A data structure is a way of organizing and storing data so we can work with it efficiently. Different types of data require different organizational strategies—think of how a dictionary organizes words alphabetically for quick lookup, or how a map uses geometric layouts to represent locations and routes.

When we study data structures, we typically approach them from two angles:

  1. Abstract Data Types (ADTs): The mathematical and logical perspective
  2. Implementation: How we actually build them in code

Abstract Data Types (ADTs)

An ADT defines what operations a data structure can perform without specifying how those operations work under the hood. It’s like knowing you can turn a TV on and off, change channels, and adjust volume—without needing to understand the internal circuitry.

ADT vs. Data Structure

Let’s clarify the distinction with an example:

List ADT (the “what”):

  • Store elements in sequential order
  • Insert elements at any position
  • Remove elements from any position
  • Access and modify elements by position
  • Track the number of stored elements

This is abstract—we’re describing capabilities, not implementations.
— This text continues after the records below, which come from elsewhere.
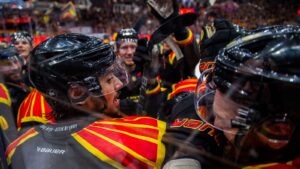 Brynäs vann förlängningrysaren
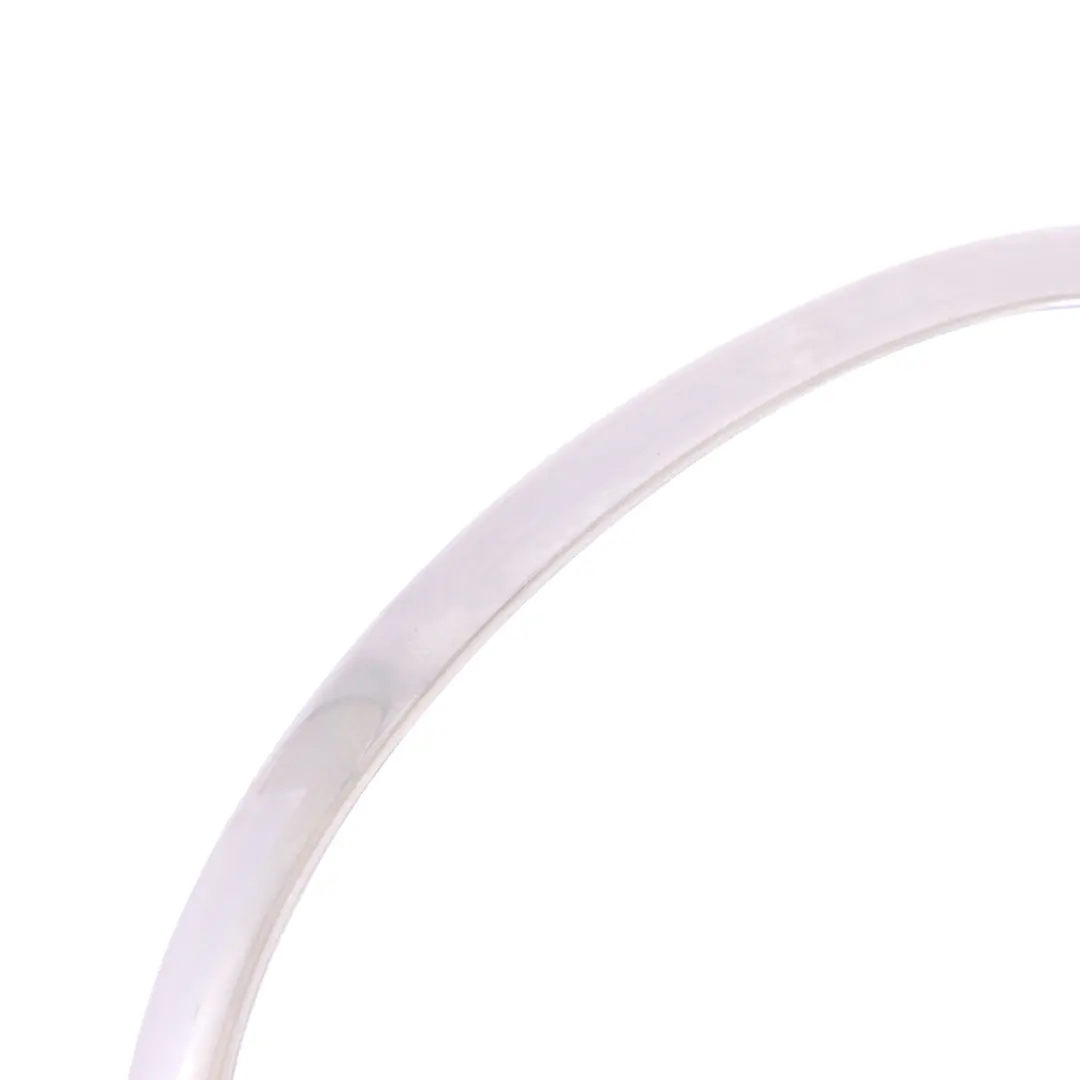 Zierring Scheinwerfer Rechts Chrom Mini R60 R61 Countryman Paceman - SKU 9801574-1 - Teilenummer 9801574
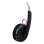 Auriculares Philips TAMS1BK/00 inalámbricos Bluetooth con micrófono y USB-C negro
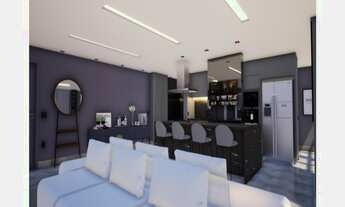 Imagem 3: Cobertura de alto padrão à venda no Swiss Park - Campinas/SP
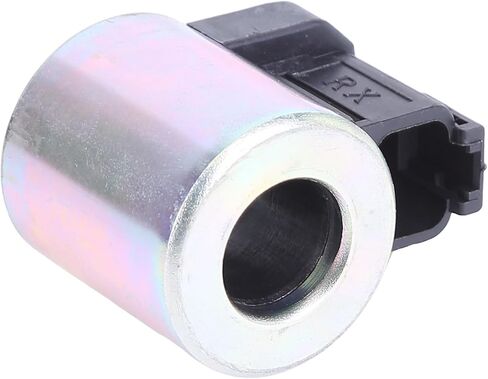 ملف الملف اللولبي 24V مناسب لاستبدال ملف الملف اللولبي الهيدروليكي Hydac 3012599 3036401 24DN-40-1836 in Kuwait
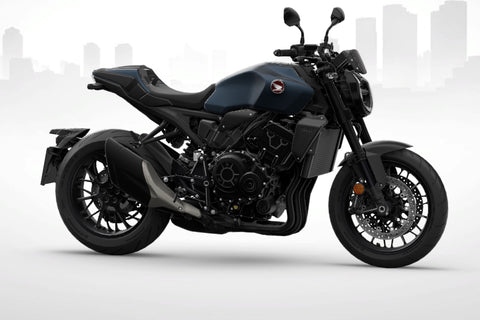 HONDA CB 1000 R BLACK EDITION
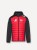 Kurtka pikowana męska Colmar Austrian National Indian Red-Black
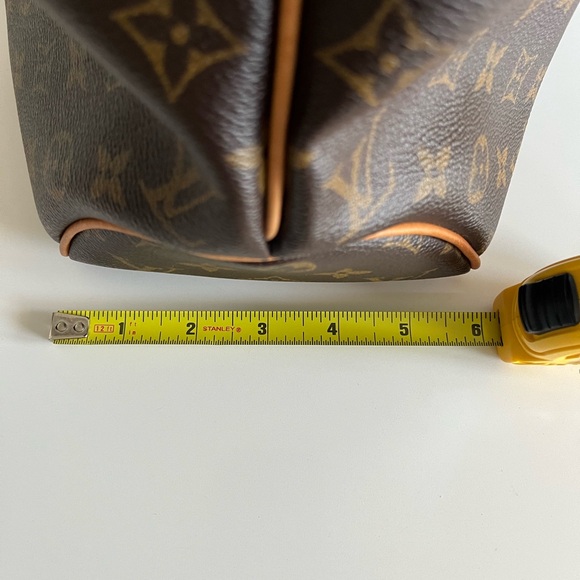 Louis Vuitton Delightful MM - Picture 16 of 16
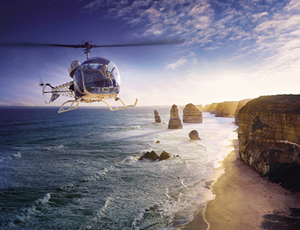 グレートオーシャンロード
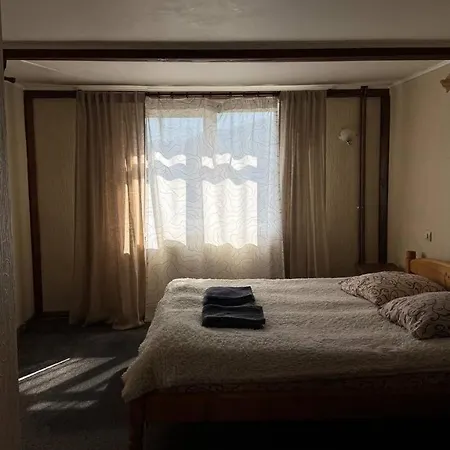 Forest House Guest house *
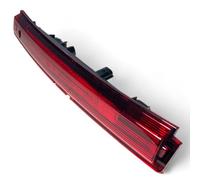Autocraft 3° Fanale di Stop Addizionale Posteriore Centrale Compatibile per Nissan Micra 5 Juke 2 Clio 4 Megane 4 Grandtour Zoe OEM: 265904886R 2659000Q0G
List Implementation (the “how”):

  • Array-based list
  • Linked list
  • Dynamic array
  • And more…

These are concrete implementations of the same ADT concept.

Note: In C, there’s no built-in stack implementation. You have to build one yourself using arrays or linked lists—that’s the implementation part.
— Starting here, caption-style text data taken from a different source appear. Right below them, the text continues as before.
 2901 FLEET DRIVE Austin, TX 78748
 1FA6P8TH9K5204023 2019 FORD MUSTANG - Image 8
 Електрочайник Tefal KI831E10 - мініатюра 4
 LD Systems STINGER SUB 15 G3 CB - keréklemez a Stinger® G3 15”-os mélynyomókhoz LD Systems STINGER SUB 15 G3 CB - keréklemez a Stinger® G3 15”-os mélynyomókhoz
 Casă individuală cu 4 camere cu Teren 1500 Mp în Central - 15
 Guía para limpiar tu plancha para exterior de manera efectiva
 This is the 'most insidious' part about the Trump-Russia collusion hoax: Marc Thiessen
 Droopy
Practical Example: Implementing a List with Arrays

Let’s see what happens when we implement the List ADT using an array:

Initial state:
[2][4][3][7][ ][ ][ ]  end=3

Insert 5 at position 2:
[2][4][ ][3][7][ ][ ]  ← shift elements right
[2][4][5][3][7][ ][ ]  ← insert 5, end=4

Time Complexity Analysis

  • Insertion: $O(N)$ in the worst case (when inserting at the beginning)
    • We have to shift all subsequent elements
  • Access/Modification: $O(1)$
    • Direct indexing makes this fast
  • Handling Full Arrays:
    • Create a new, larger array (typically double the size)
    • Copy all elements to the new array
    • This is expensive and wastes memory if we overestimate capacity

The Problem

Array-based lists have limitations:

  • Costly insertions and deletions
  • Inefficient memory usage
  • Fixed maximum capacity (or expensive resizing)

This is where linked lists come in, offering a different set of trade-offs that we’ll explore in future posts.

Why This Matters

When solving problems, your first question should be: Which ADT fits this problem? Only after choosing the right abstraction should you worry about implementation details. This separation of concerns makes code more flexible and easier to reason about.

Think of ADTs as contracts—they guarantee certain operations will be available, regardless of how they’re implemented behind the scenes.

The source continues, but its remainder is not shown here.